OFDPOS wrote:
Back to my experience after installing the koni's ..
So when your driving down the road and hit a dip the front end does the ol dive down and according to Henderson's that's where the koni's are suppose to give the comfort ride ( what others are calling best of both worlds). I get the boat in the water drunken sailor feeling when the front end dives down in the dips and comes up soft kinda wallering .. Lack of better words to describe it.
Whereas with the Bilstein's you hit the dip in the road you get just a bit of dive but a nice firm feeling the suspension is working right unlike the koni' s where the whole front suspension feels like it bottoms out ( compresses ) then goes into full decompress and now you have this uneasy feeling in the steering until it settles back down.
That's my personal experience with the koni's.

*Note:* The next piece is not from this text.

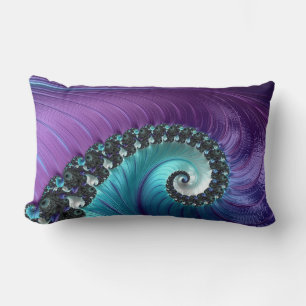 Abstract Purple Turquoise Gradient Spiral Fractal Lumbar Pillow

What you're describing seems to be related to how your motorhome reacted in it's front end with the coil springs and Koni FSD shocks ... and it sounds like your Koni FSD shocks where installed in combination with other suspension work you had done, which means that there could have been some strange interaction happening in the front between the FSD shocks and the modified suspension.

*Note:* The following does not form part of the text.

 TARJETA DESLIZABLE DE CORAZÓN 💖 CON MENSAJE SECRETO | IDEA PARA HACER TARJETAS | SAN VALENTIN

There's no reasons I can think of that shock types on a vehicle can't be mixed between the rear and the front, if and as appropriate. I'm wondering if HD Bilsteins in the front along with the coil springs there, and Koni FSD shocks in the rear along with the stiff leaf springs there might be a great combination - at least on small 24-26 foot Class C motorhomes with their relatively (overly?) stiff E350 or E450 rear springs.

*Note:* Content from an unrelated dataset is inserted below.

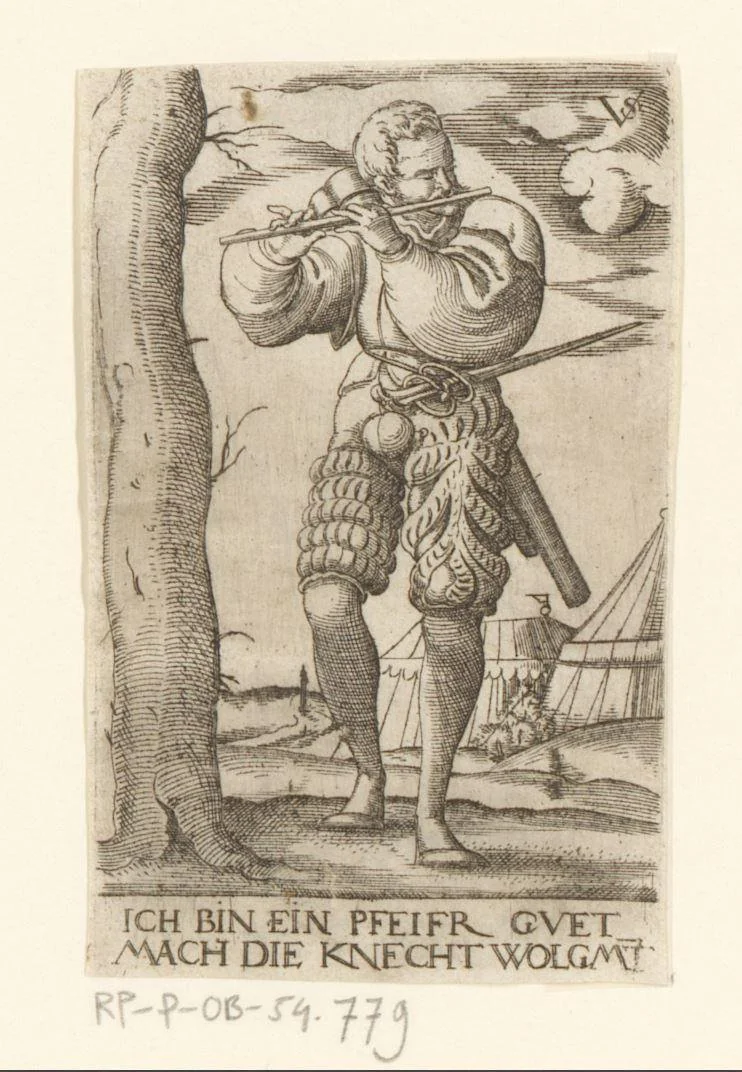 Soldaat met een fluit by Unknown, print, 1524-1562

So far my Koni FSD shocks in the rear and stock shocks in the front have been a great combination with my main goal achieved -> very controlled and predictable lateral response in the rear, but with the sharp pounding nicely rounded off (i.e. the latch in our shower door back there now stays in place!). However, I do have a small Class C and I did have the front aligned using tapered shims to improve upon the original Ford/Winnebago alignment, as delivered.
I'll call Henderson's and listen very carefully and ask questions - before (if ever) I decide upon either Koni FSD or HD Bilsteins in the front. For some reason the stock front shocks still seem to be doing there thing (other than a bit too stiff for a small Class C) after 12 years and 71K+ miles.